Thursday, 11 April 2013

Hindu Good!

If you stay in Jaipur, I strongly recommend the VINAYAK GUESTHOUSE. It's near the Jaipur Railway station. It's run by a lovely family who live in the building, isn't expensive and is very clean, everything works including the hot water in the shower, and the food served at ithe rooftop restaurant is fresh and delicious. From what I've glimpsed through the window of the kitchen it is prepared by a real, fierce, Rajasthani grandmother. Also, all the rooms and corridors and beautifully painted.

This morning we drove to Amber to see the palace that pearches grandly on top of craggy stone slopes.

On the way there L asked the driver if he was Hindu (which we'd guessed). He affirmed and asked us which religion we were. When we said Christian he congratulated us like we supported a football team he approved on. 'Hindu Christian same-same'.

He then went on to tell us that Amber and Jaipur were better than Agra and Fatephur Sikri because 'Hindu good, Muslim . . .' (dismissive wave of hand).

Hinduism was a stong presence in Amber. Below the palace is the Shri Sila Devi temple (its image of Dila is one of the most sacred in Jaipur) where we first went. This was our first experience of Pooja and it's amazing. The faithful flood into the temple gates with offerings of flowers, coconuts, grain, incense. At the shrine these are handed to the priests and a red pooja mark is places on the forehead of the devout. The place is simply filled with music and scent and colour. This is a very upfront sort of religious devotion. We even saw one young man walking up the stone path to the temple on his knees helped by two friends. A sort of pennance? A special sort of pilgimage? I don't know.

The palace is above the temple and it has been one of my favourite sites so far. Mughal archtecture is grand and wonderful, but the colour and beauty of the Rajasthani Amber Palace is an experince. Surfaces are stunningly painted and The magnificent Sheesh Mahal where the maharaja and queen lived are patterend with mirror and coloured glass. The place gleams.

What we found the most amazing though, was the rabbit warren of baths, rooms, stairs, pavilions, corridors that lay behind. Some parts of the complex were three stories high with stone screens that looked over the lake. Others were dingy little holes. On room had the remains of the pulley system for carrying up water from the lake below and in the deep shaft lives a family of bats. In other rooms were stone latrines.

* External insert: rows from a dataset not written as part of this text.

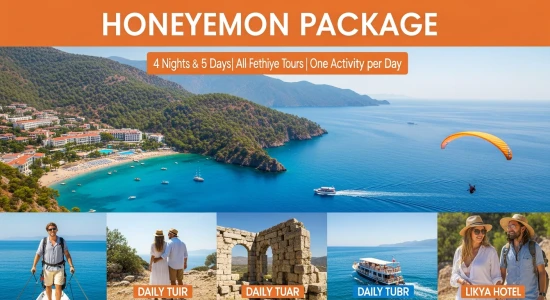 Likya Otel Fethiye Balayı Paketi 4 Gece 5 Gün Turlu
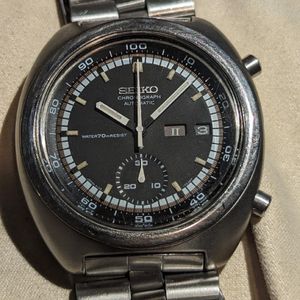FS: Seiko 6139-7002 Chronograph on Original Bracelet runs and sets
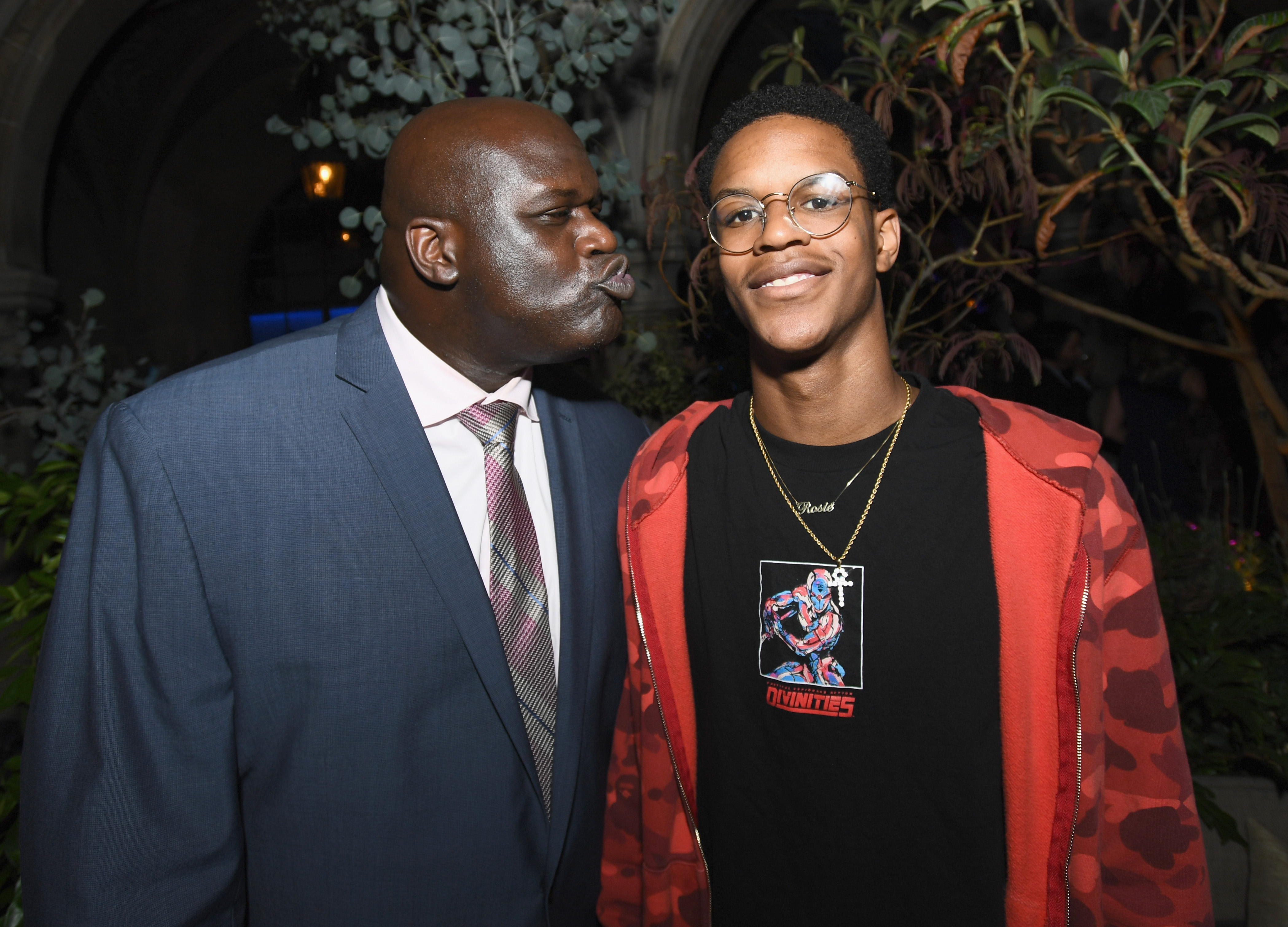 Shareef O'Neal & Dad Shaq Bumped Heads About His Pre-Draft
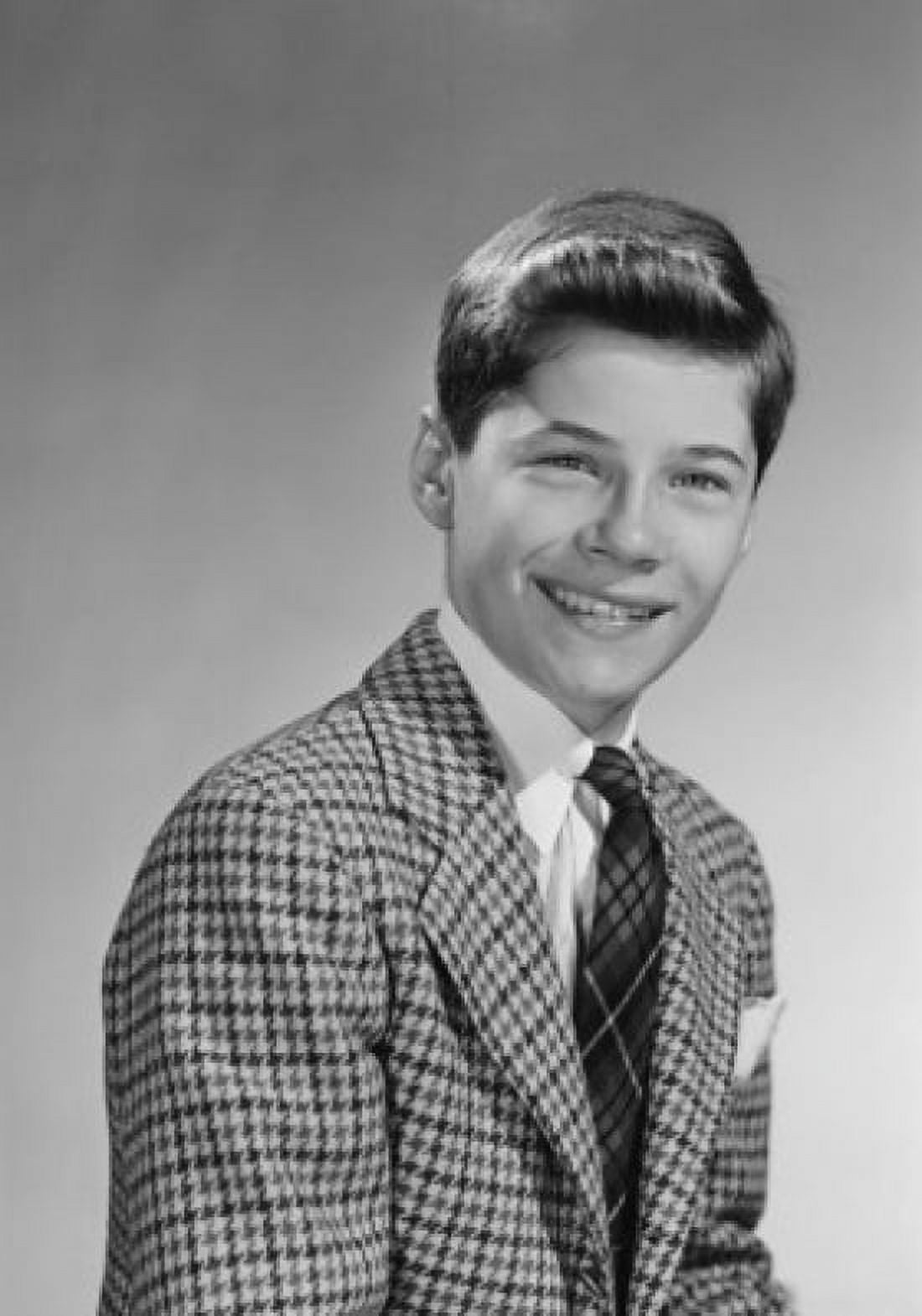 Portrait of boy in pepita jacket and tie Canvas Art - (24 x 36)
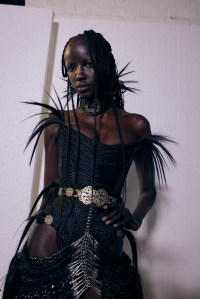 Backstage at Dilara Findikoglu Fall 2025 Ready-to-Wear Collection at London Fashion Week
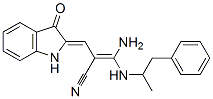 (Z)-3-amino-2-[(Z)-(3-oxo-1H-indol-2-ylidene)methyl]-3-(1-phenylpropan -2-ylamino)prop-2-enenitrile CAS#: 171853-15-9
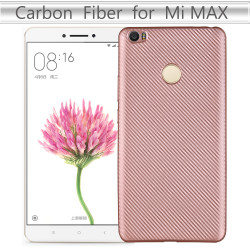 Xiaomi Mi Max Kılıf İ-Zore Karbon Silikon Rose Gold
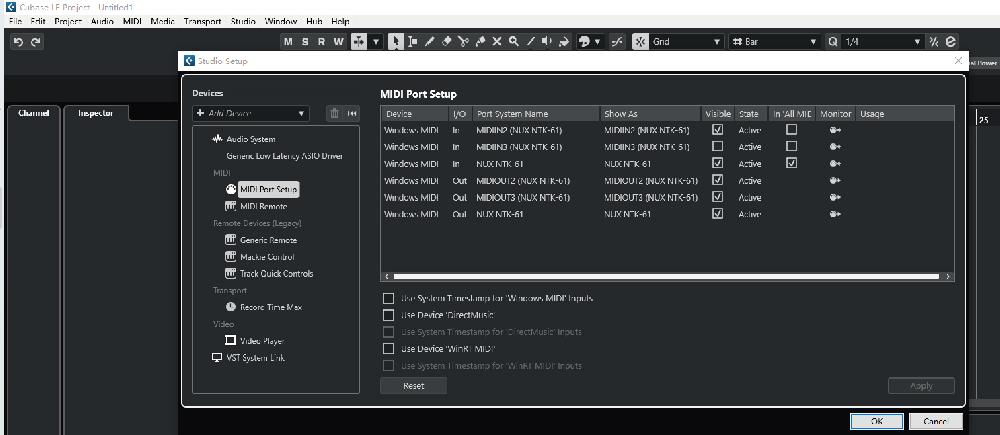 Nux NTK-37 MIDI Keyboard Controller
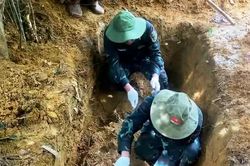 Tìm thấy hài cốt liệt sĩ ở vùng núi TP. Huế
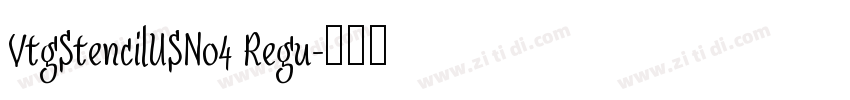 VtgStencilUSNo4 Regu字体转换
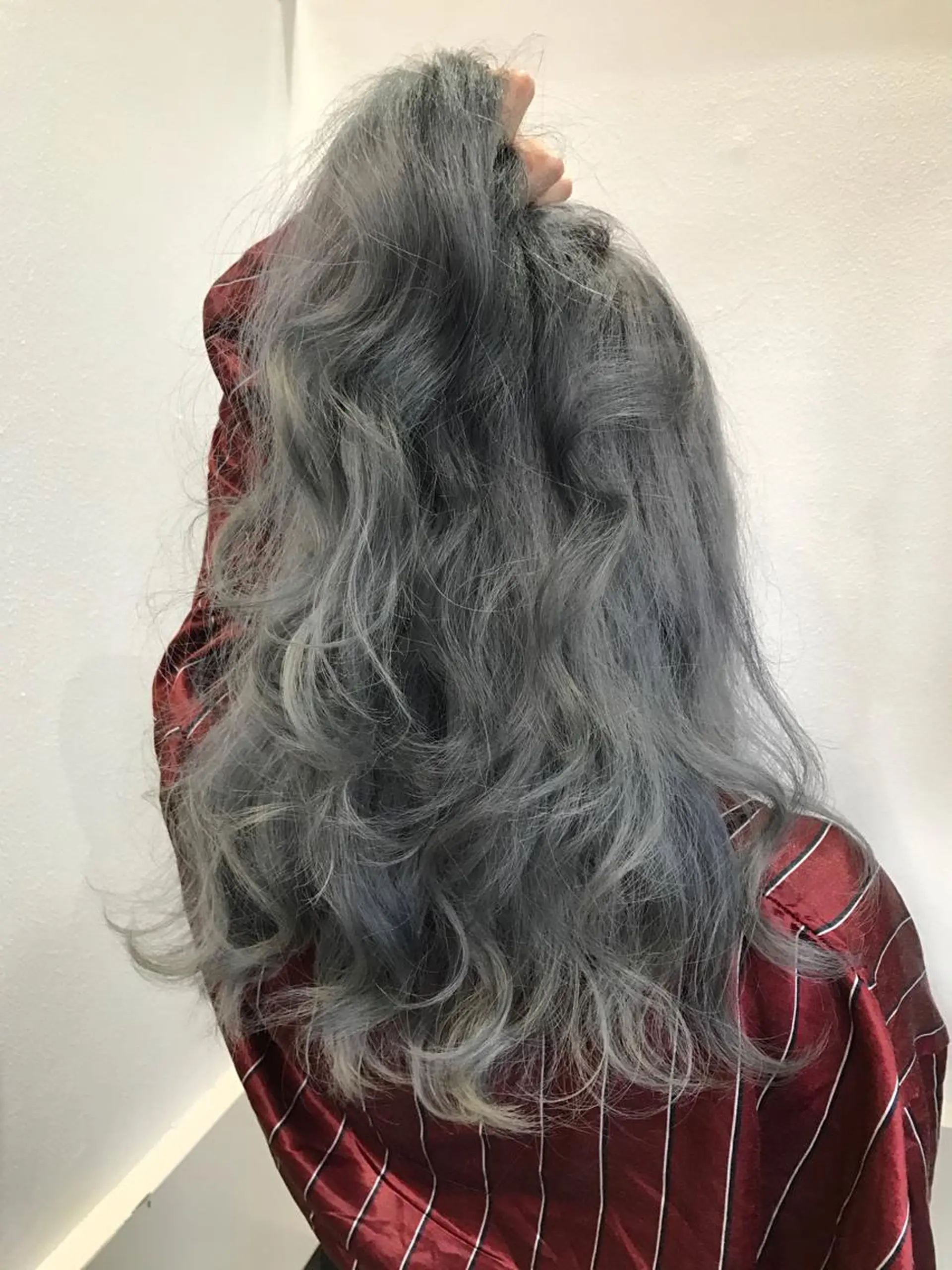 セミロング カラー ヘアアレンジ ブリーチ GiseL天神カラー 髪質改善/ブリーチのヘアスタイル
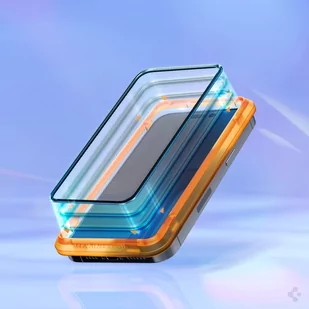 2x Szkło Hartowane Spigen Alm Glass Fc do iPhone 14 Pro Max Black - Szkła hartowane na telefon - miniaturka - grafika 4
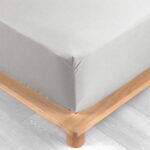 Σεντόνι Percaline  Douceur D'intérieur - Λάστιχο - 160X200Cm - Λευκό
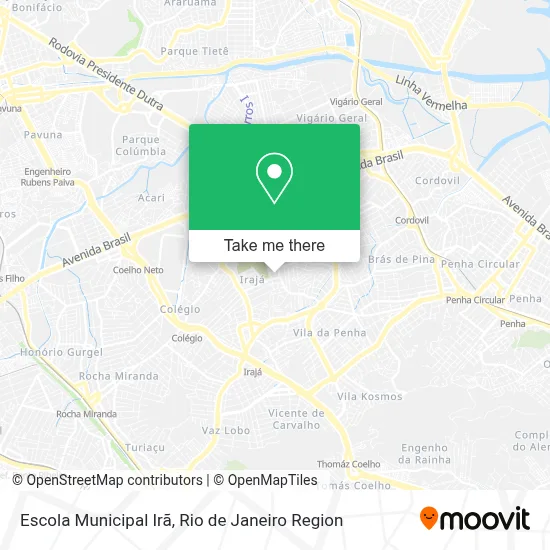 Escola Municipal Irã map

If a building can ramble this one certainly dose. It also has views that are more than spctacular and on the mountain slopes fortifications rise and dip and rise the line of the rocks.

And if you want any more romance than this, there is a network of deep tunnels beneath the palace for troops to be moved without anyone seeing. (somplete with friendly bats!)

Jaipur palace in the pink city is a different creature. The royal family of Jaipur still live there so a large section of the palace isn't open. But the pink (well, more of a salmon as L pointed out) buildings are interesting and the collections of antique royal garb and weapons are well worth a look.

It's getting into the late 30s in the hottest part of the day now and we asked to be brought back to the hotel early so we could rest and have a walk through Jaipur ourselves. Aimless wandering is harder with a driver.

Amongst e rubbish-eating cattle and street vendors of Jaipur are air conditioned malls, which I read are gaining popularity in India. We came upon one today and it was . . . most odd. Probably more than half the shops were still empty (and they looked like they had never been filled) and those at were there seemed to sell very cheap things. It was quite a ghostly place.

Outside its slick, modern building lay a few street pigs in the mud.